Finding the Dot on your Red Dot

Finding the Dot on your Red Dot

Many first time red dot users bemoan the fact that they lose their red dot sight when they draw. What might seem like a drawback to an otherwise efficient single-focal-plane aiming system can be corrected by proper drawing technique and repetition. 

Scott Jedlinski, founder of the Modern Samurai Project, teaches a class specifically on pistol red dots and how to use them in a practical self-defense scenario. His principle is defined by what he calls “the four P’s: Present, Prep, Pinky, and Press.” 

That is, present the pistol at the compressed ready position tilted slightly upwards (near your chest – at hand clapping distance, not touching your chest), prep the trigger by placing your finger on your trigger safety as you extend your hand forward to aim, then once the pistol is in position, guide the pistol downward with the pinky finger of your support hand to find the red dot, and finally press on your trigger. 

These four P’s should be accomplished in a single swift motion, which should take less than five seconds. To further help with your aim, it’s a good thing to remember to manipulate the gun around your body and not your body around the gun. If you draw your weapon and move your head, for example, then your grip will have to readjust for your new head location, wasting precious seconds. Instead, move your weapon to where your head actually is. 

Now, the Mini Shot M Spec Solar M3 from Sightmark has an advantage to “red dot tracking” that many other sights on the market do not. The long hood which houses the sight’s solar panels and protects the unit from weather damage have a few advantages over the reflex sights used by other brands. 

 The Solar M3’s hood prevents glare and thus offers a clearer reticle with a more precise dot. Mistakes in alignment are also easier to correct thanks to the tube’s design, and the dot can be found simply by eliminating any minute traces of “scope shadow” which may appear. 
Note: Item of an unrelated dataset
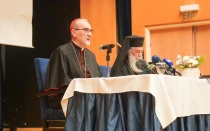 El Cardenal Pierbattista Pizzaballa, Patriarca Latino de Jerusalén; y el Patriarca ortodoxo Teófilos III, en la conferencia de prensa de este martes 22 de julio.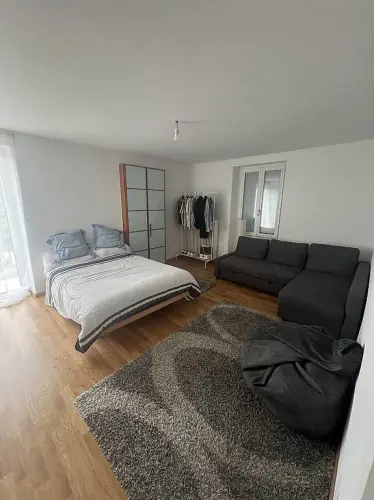 Chambre dans un appartement partagé / Room in a shared flat à Echandens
At the same time, the Mini Spec M3 Solar’s variable reticle is dictated by the brightness of whatever environment one is shooting in, with the reticle growing to a large 3 MOA dot for extreme brightness and shrinking to a 1 MOA dot for encounters at night. 

Armed with the adaptability and ease of use of the M3 Solar as well as proper red dot shooting techniques, there should be no reason why you’d be unwilling to put a red dot on your everyday carry.